Stored records:
○ ○ ○ ○ ○
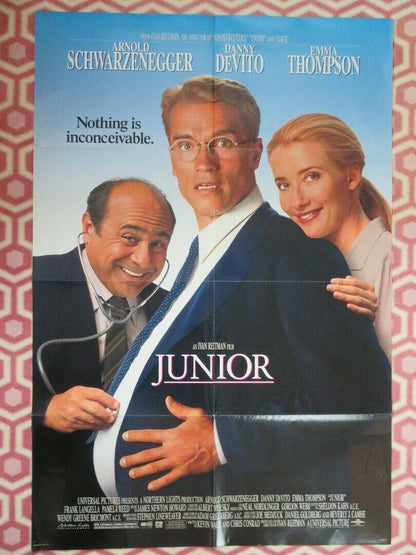 JUNIOR ONE SHEET POSTER FOLDED ARNOLD SCHWARZENEGGER DANNY DEVITO 1994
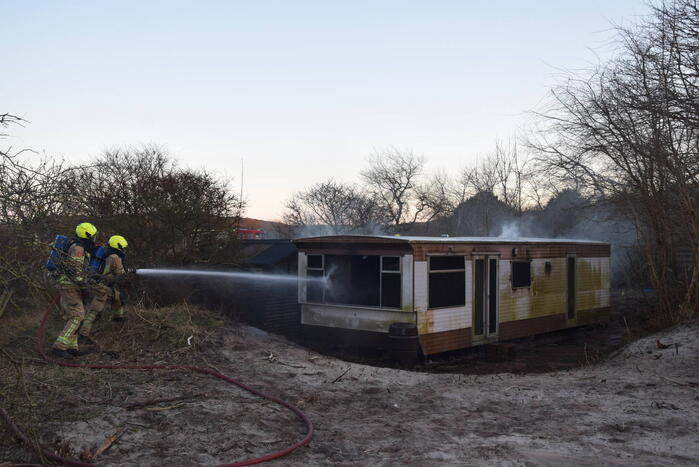 Stacaravan uitgebrand in duingebied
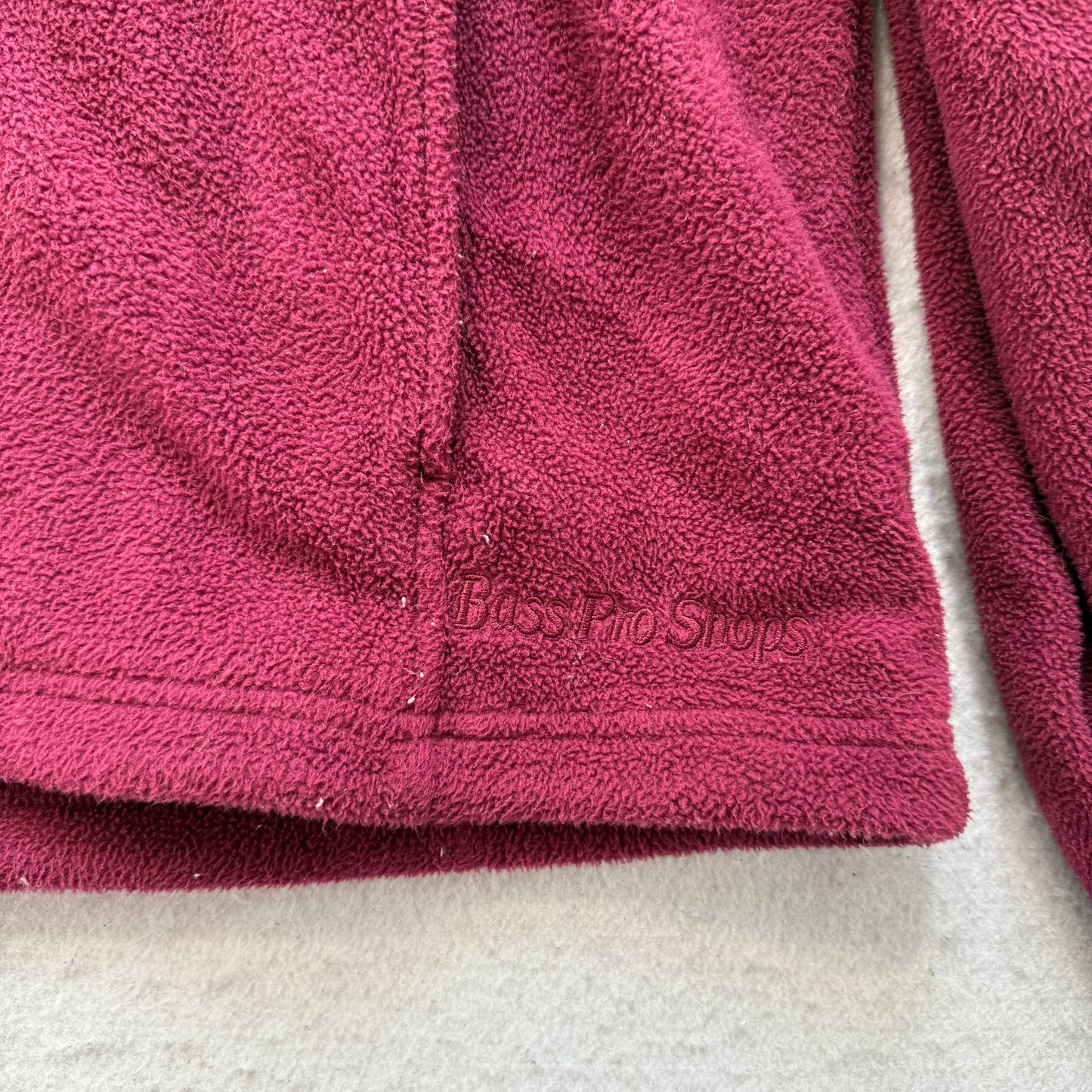 Bass Pro Shops Women's Burgundy Fleece Full Zip Jacket Mock Neck Outdoor Size M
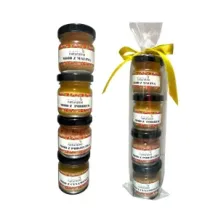 Zestaw 4 miodków smakowych w celofanie prezent 70287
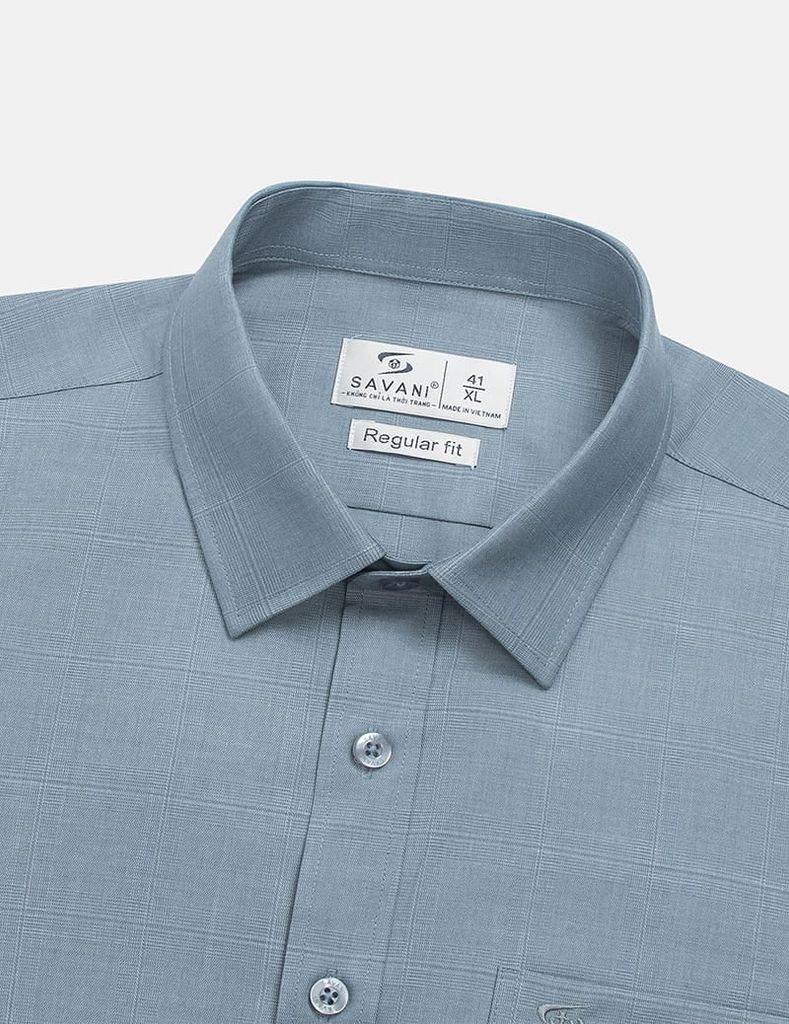 Áo sơ mi nam ngắn tay tà bằng có túi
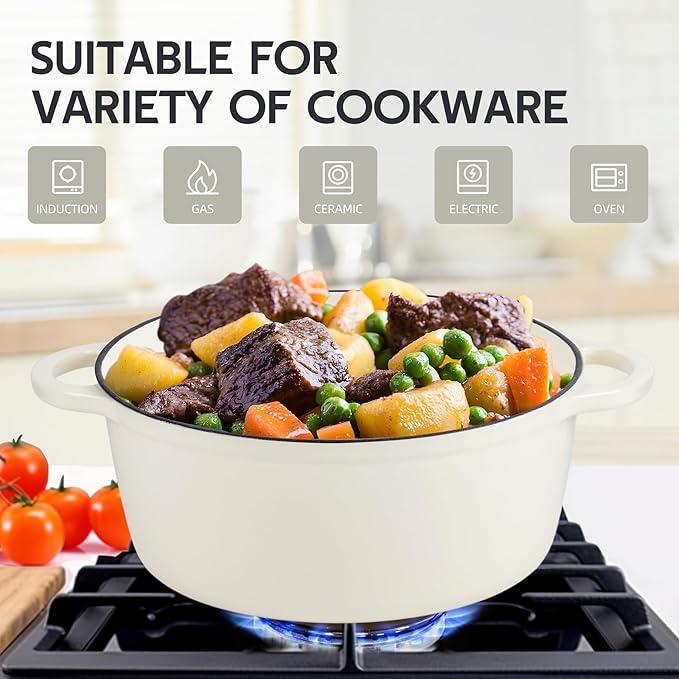 4 Quart Dutch Oven Enameled Cast Iron with Lid - Big Dual Handles - Oven Safe up to 500°F - Classic Round Pot for Versatile Cooking Cream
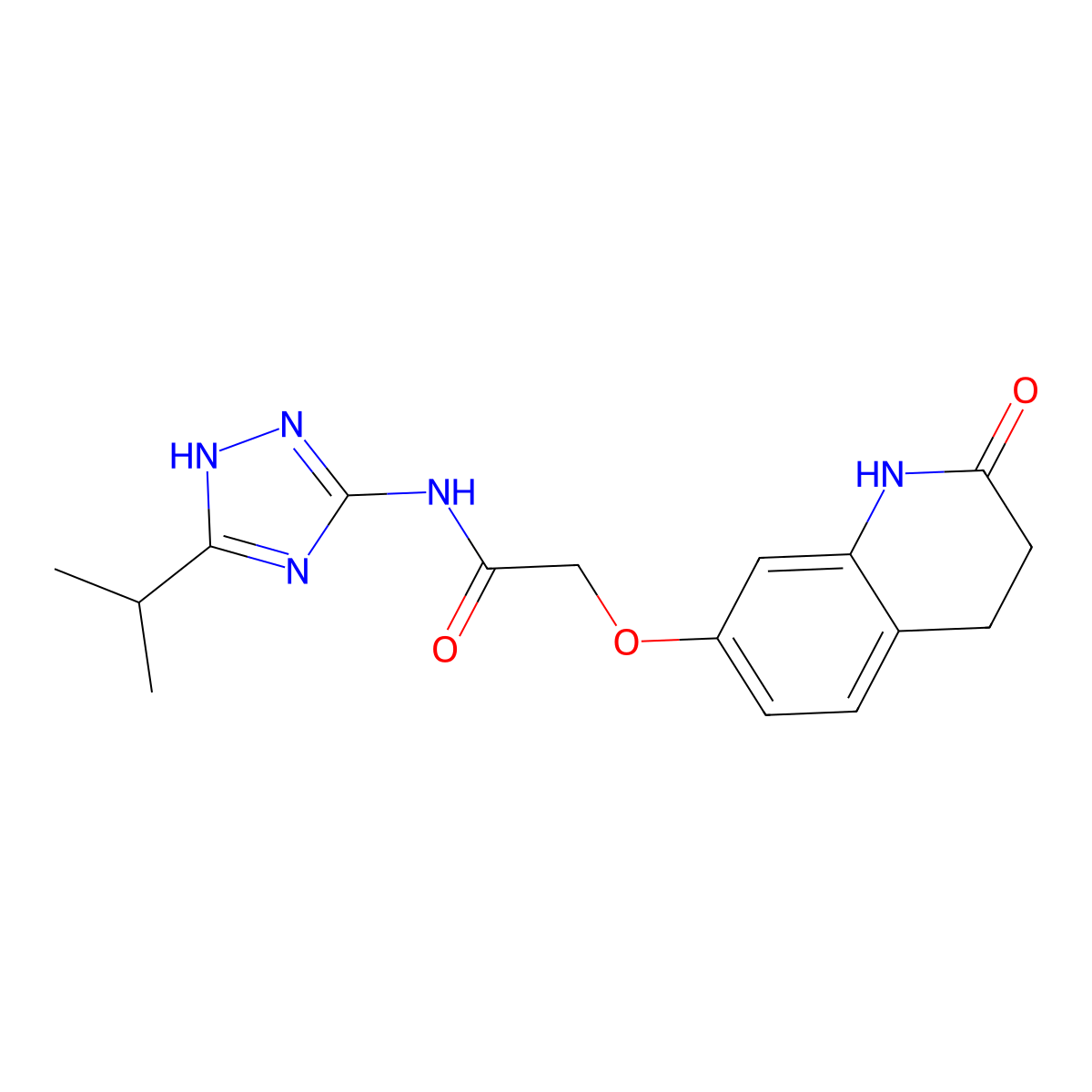2-[(2-hydroxy-3,4-dihydroquinolin-7-yl)oxy]-N-[5-(propan-2-yl)-1H-1,2,4-triazol-3-yl]acetamide molecular structure, CAS 1676087-00-5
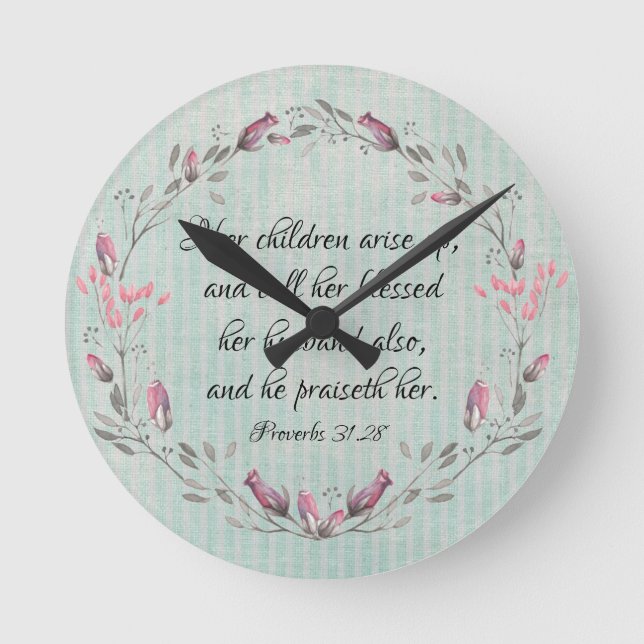 Horloge Ronde Proverbes Maman : Ses enfants se lèvent KJV Verse (Recto)
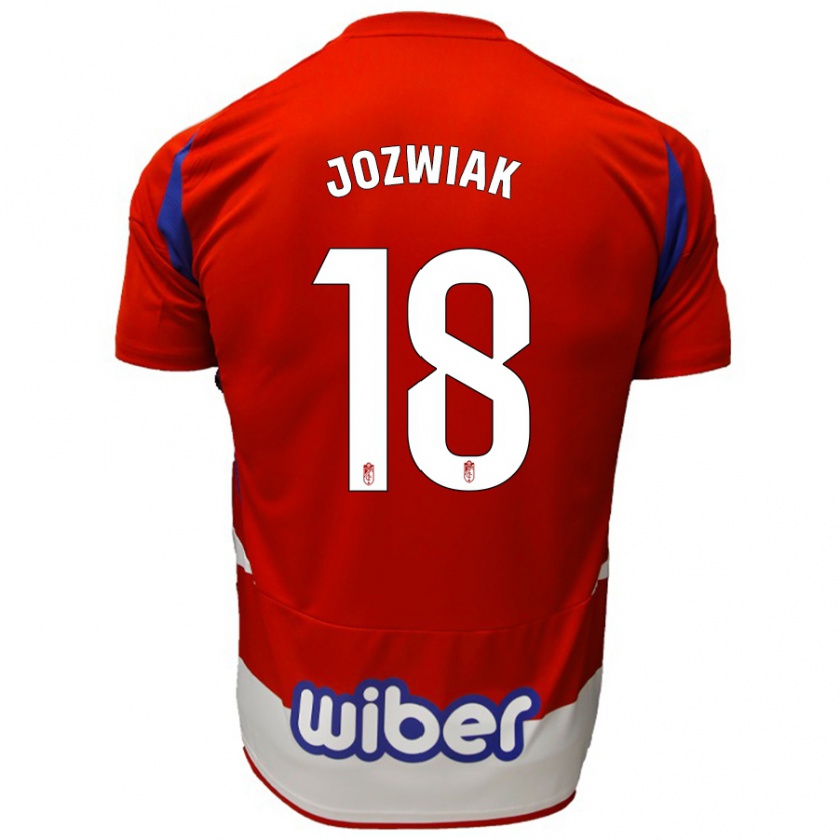 Kandiny Gyermek Kamil Jóźwiak #18 Piros Fehér Kék Hazai Jersey 2024/25 Mez Póló Ing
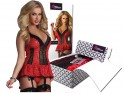 Red corset and garter belt thong Livia Corsetti - 5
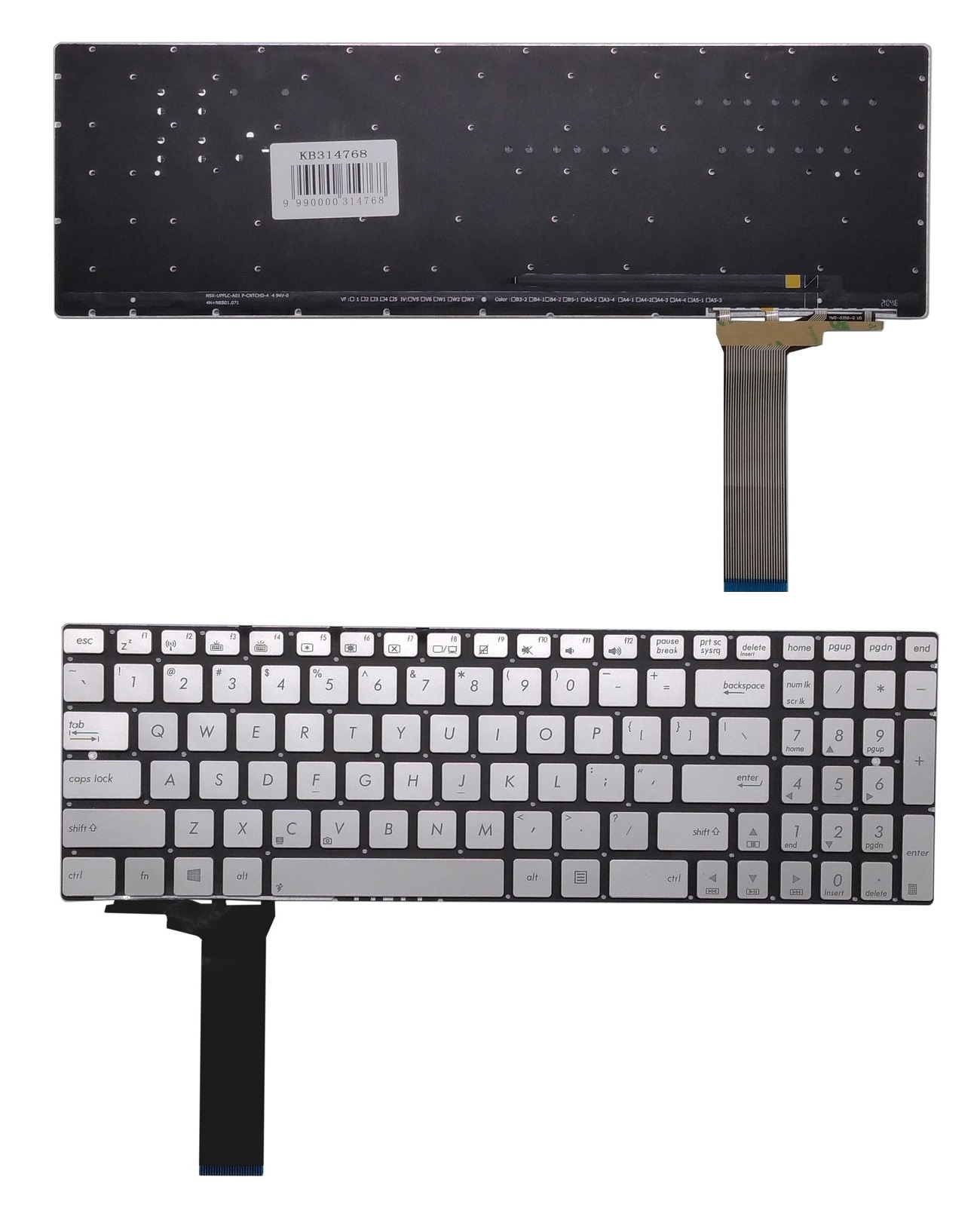 Keyboard ASUS N550J, US (silver) |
○ ○ ○ ○ ○
# [EXERCISE DESCRIPTION]
Images aside, return each entry above precisely as it stands.

# [PROBLEM SOLUTION]
 JUNIOR ONE SHEET POSTER FOLDED ARNOLD SCHWARZENEGGER DANNY DEVITO 1994
 Stacaravan uitgebrand in duingebied
 Bass Pro Shops Women's Burgundy Fleece Full Zip Jacket Mock Neck Outdoor Size M
 Zestaw 4 miodków smakowych w celofanie prezent 70287
 Áo sơ mi nam ngắn tay tà bằng có túi
 4 Quart Dutch Oven Enameled Cast Iron with Lid - Big Dual Handles - Oven Safe up to 500°F - Classic Round Pot for Versatile Cooking Cream
2-[(2-hydroxy-3,4-dihydroquinolin-7-yl)oxy]-N-[5-(propan-2-yl)-1H-1,2,4-triazol-3-yl]acetamide molecular structure, CAS 1676087-00-5
 Horloge Ronde Proverbes Maman : Ses enfants se lèvent KJV Verse (Recto)
 Kandiny Gyermek Kamil Jóźwiak #18 Piros Fehér Kék Hazai Jersey 2024/25 Mez Póló Ing
 Red corset and garter belt thong Livia Corsetti - 5
 Keyboard ASUS N550J, US (silver) |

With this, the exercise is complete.